(DATA FOR REVIEW begins)
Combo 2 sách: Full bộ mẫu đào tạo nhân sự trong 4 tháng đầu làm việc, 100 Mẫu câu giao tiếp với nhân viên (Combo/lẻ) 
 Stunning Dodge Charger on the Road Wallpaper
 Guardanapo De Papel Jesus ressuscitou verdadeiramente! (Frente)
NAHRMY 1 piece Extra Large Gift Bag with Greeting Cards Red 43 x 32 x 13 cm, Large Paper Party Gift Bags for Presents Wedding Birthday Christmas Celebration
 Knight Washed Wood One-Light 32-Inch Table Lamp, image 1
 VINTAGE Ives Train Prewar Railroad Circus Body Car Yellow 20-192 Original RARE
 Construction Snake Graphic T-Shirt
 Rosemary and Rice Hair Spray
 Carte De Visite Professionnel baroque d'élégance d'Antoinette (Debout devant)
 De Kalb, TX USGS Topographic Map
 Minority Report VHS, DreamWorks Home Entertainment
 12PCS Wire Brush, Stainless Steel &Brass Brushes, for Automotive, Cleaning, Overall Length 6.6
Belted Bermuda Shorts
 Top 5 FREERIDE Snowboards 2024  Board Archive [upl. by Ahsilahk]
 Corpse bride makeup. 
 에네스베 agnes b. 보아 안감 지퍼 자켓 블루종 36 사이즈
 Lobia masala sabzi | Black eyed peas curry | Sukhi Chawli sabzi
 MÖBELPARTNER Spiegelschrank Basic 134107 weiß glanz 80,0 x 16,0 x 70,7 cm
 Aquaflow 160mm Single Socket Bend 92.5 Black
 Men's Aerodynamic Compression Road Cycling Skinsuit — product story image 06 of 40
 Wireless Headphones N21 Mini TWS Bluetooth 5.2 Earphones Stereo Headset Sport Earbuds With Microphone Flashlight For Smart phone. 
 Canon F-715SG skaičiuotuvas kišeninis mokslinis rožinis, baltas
(DATA FOR REVIEW ends)
Your answer is the line containing "Men's Aerodynamic Compression" plus every line after it through the end of the entries, given again exactly and alone.

__ANSWER SECTION__:
 Men's Aerodynamic Compression Road Cycling Skinsuit — product story image 06 of 40
 Wireless Headphones N21 Mini TWS Bluetooth 5.2 Earphones Stereo Headset Sport Earbuds With Microphone Flashlight For Smart phone. 
 Canon F-715SG skaičiuotuvas kišeninis mokslinis rožinis, baltas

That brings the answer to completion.